Work instruction:
Please set out each line below exactly as it stands, without the images.

:: Recorded data

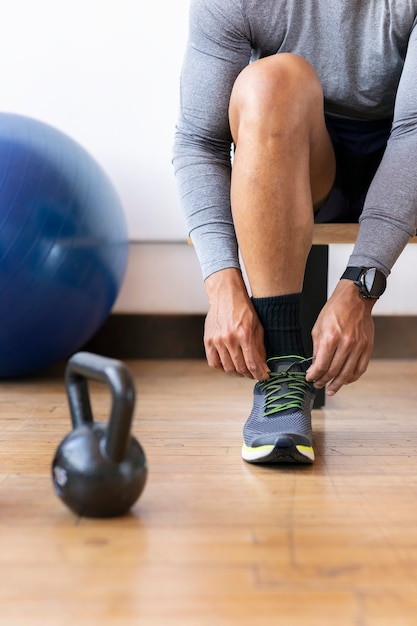 Sportif attachant ses lacets dans la salle de sport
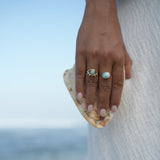 A close-up of a person's hand resting on a textured white surface, wearing two gold rings with light blue Larimar gemstones. The background is a soft, out-of-focus light blue and beige scene.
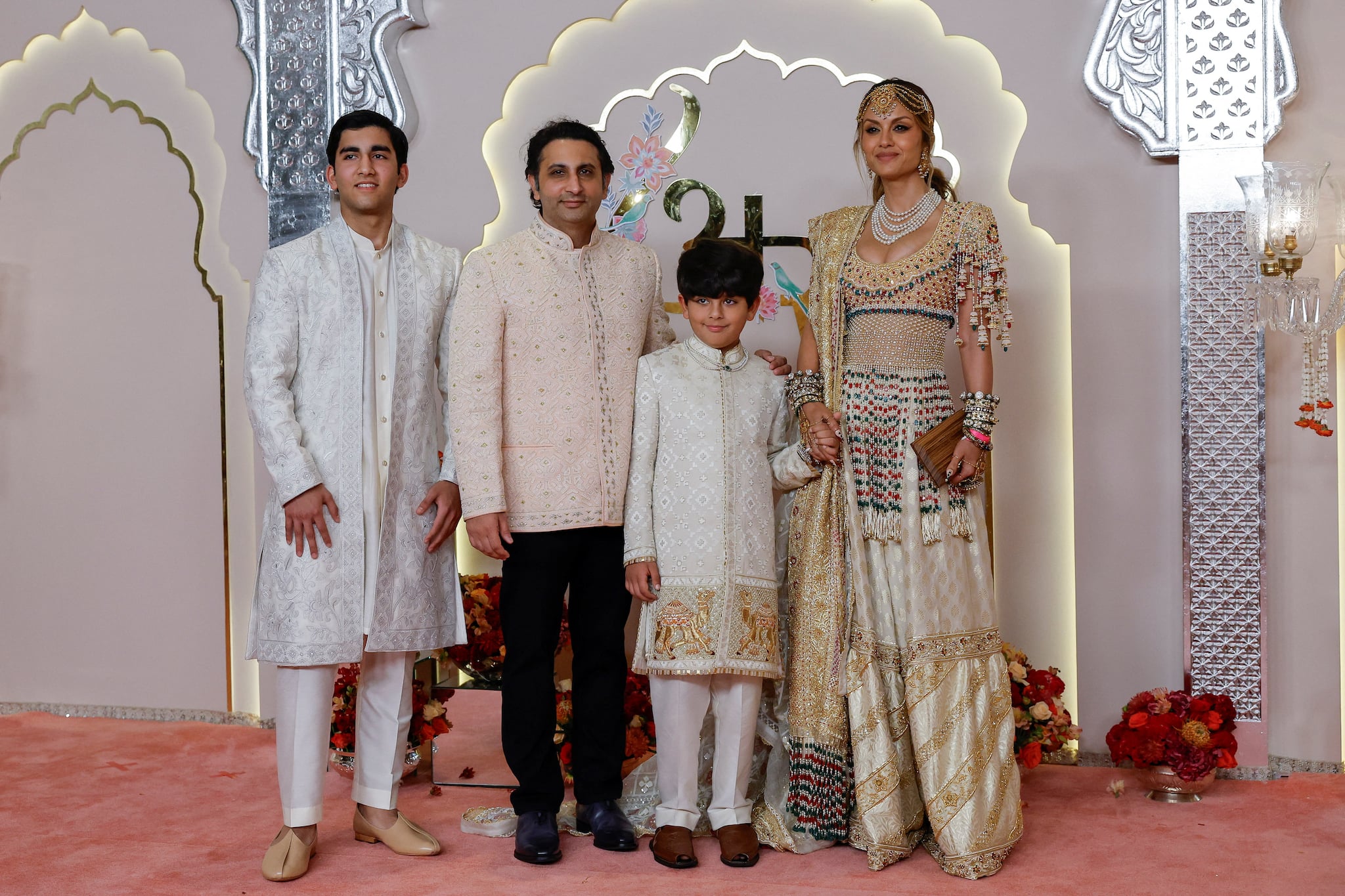 CEO of the Serum Institute of India Adar Poonawalla, his wife Natasha Poonawalla and their children Cyrus Poonawalla and Darius Poonawalla pose for pictures on the red carpet on the day of the wedding of Anant Ambani and Radhika Merchant in Mumbai, India, July 12, 2024. REUTERS/Francis Mascarenhas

::::

Finished task:
 Sportif attachant ses lacets dans la salle de sport
 A close-up of a person's hand resting on a textured white surface, wearing two gold rings with light blue Larimar gemstones. The background is a soft, out-of-focus light blue and beige scene.
 CEO of the Serum Institute of India Adar Poonawalla, his wife Natasha Poonawalla and their children Cyrus Poonawalla and Darius Poonawalla pose for pictures on the red carpet on the day of the wedding of Anant Ambani and Radhika Merchant in Mumbai, India, July 12, 2024. REUTERS/Francis Mascarenhas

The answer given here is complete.